While reading this book, I came to think of it not as military science fiction, but science fiction about war — and I think that there's a real distinction that can be made between the two. Throughout the book, we see futuristic militaries at work, but this book isn't about combat, which military SF seems to focus most of its attention on. Frequently, I was surprised at the topics the stories cover, and the fact that they often cover much more than just the battlefields in space. We see stories that cover relationships between soldiers and civilians, the politicians who instigate war, veterans who return home in pieces, and scientists who study their enemies.
There's an impressive roster of talent in the book — such as Ken MacLeod, Adam-Troy Castro, Kristine Katheryn Rusch, Nancy Kress, Genevieve Valentine, Robert Reed, and Catherynne Valente, just to name a few.

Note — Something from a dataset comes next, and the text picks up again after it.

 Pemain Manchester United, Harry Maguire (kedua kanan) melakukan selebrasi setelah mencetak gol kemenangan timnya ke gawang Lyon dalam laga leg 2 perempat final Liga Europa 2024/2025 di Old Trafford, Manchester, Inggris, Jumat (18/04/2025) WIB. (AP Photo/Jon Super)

Just under half of the stories (nine) are by female authors, giving this anthology a nice sense of balance. And that's certainly something that makes the anthology stand out, especially in a subgenre that feels predominantly populated by male authors.
And the anthology does a good job of steering clear of stories that transparently paint today's issues into the future. Instead, these stories imagine some genuinely bold new worlds that demonstrate just how far into the future conflict will live with us, no matter what form it might take. Some of these stories take place in relatively modern settings, while others take place far into the future, over light years. This anthology works to bend the military science fiction genre as we know it, and it succeeds marvelously.
There's a lot of cerebral science fiction packed into this volume — but given the focus, there's also a fair share of action that keep the stories rolling along. Three of my favorite stories, "A Soldier of the City" by David Moles, "Palace Resolution" by Tom Purdom, and "Rats of the System" by Paul McAuley, hit hard with x-ray lasers, missiles and planetary impactors as war explodes around the characters.
Other stories, like "Carthago Delanda Est" by Genevieve Valentine, "Her Husband"s Hands" by Adam-Troy Castro, and "Remembrance" by Beth Bernobich, show another important side of war: the impact on those around the edges of the fighting and at home, as we look at the lengths to which people go to, for some form of security. Further still, in some stories, such as "The Long Chase", by Geoffrey Landis, and "Scales" by Alastair Reynolds, the question is how far humanity will go to win a war, rather than just being pushed to it. The results are unsettling, emotional and tense throughout the book.
It's easy to caricature science fiction stories about the military or warfare as jingoistic or simplistic — but that's an unfair generalization. There are certainly stories out there that meet that description, but this anthology demonstrates that there"s a far wider range of stories that can be told about war and violence. Above all, these twenty stories are good stories, above and beyond the central premise that links them all together. There are stories of daring, heroism and duty, all of which together, make up one hell of a collection.